EXERCISE PROMPT —
What lines of the data hold the string "Villa"? Copy them all.

Segment Start: EXERCISE MATERIAL

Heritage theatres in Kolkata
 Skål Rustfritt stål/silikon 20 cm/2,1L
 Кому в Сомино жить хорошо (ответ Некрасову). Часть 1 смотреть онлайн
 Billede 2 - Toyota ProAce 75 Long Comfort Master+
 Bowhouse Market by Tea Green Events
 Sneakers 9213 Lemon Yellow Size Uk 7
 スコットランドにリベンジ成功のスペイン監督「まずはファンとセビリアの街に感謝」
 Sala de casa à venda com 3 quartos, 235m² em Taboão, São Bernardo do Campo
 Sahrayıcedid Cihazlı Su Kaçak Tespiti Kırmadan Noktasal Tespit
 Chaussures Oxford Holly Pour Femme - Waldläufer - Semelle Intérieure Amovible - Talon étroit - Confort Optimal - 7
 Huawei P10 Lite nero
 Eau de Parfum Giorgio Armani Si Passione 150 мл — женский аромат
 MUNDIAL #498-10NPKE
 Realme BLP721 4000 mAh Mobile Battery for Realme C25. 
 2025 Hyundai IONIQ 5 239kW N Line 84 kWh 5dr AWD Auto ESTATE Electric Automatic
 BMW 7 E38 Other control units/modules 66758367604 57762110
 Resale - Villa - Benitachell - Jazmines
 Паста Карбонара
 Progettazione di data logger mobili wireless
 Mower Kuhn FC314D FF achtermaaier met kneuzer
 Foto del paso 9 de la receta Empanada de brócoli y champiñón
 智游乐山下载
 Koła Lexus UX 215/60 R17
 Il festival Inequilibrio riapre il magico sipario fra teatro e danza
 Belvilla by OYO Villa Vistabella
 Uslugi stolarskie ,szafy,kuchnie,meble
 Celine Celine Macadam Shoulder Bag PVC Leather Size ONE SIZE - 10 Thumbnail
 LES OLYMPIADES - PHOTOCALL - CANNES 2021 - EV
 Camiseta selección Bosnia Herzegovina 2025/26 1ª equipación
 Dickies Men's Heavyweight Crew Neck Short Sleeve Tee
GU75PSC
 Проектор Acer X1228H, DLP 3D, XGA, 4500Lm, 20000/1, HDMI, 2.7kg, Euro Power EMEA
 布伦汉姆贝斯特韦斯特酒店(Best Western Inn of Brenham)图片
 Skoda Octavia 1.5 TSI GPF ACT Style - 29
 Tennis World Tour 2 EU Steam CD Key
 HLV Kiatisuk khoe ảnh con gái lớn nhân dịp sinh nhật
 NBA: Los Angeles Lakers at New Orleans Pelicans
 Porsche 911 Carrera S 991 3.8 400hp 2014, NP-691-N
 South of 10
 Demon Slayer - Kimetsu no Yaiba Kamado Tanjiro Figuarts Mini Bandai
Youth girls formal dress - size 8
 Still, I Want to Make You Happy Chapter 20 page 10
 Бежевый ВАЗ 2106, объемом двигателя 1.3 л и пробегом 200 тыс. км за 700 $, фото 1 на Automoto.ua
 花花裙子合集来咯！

Segment End: EXERCISE MATERIAL

SOLUTION FOR THIS EXERCISE —
 Resale - Villa - Benitachell - Jazmines
 Belvilla by OYO Villa Vistabella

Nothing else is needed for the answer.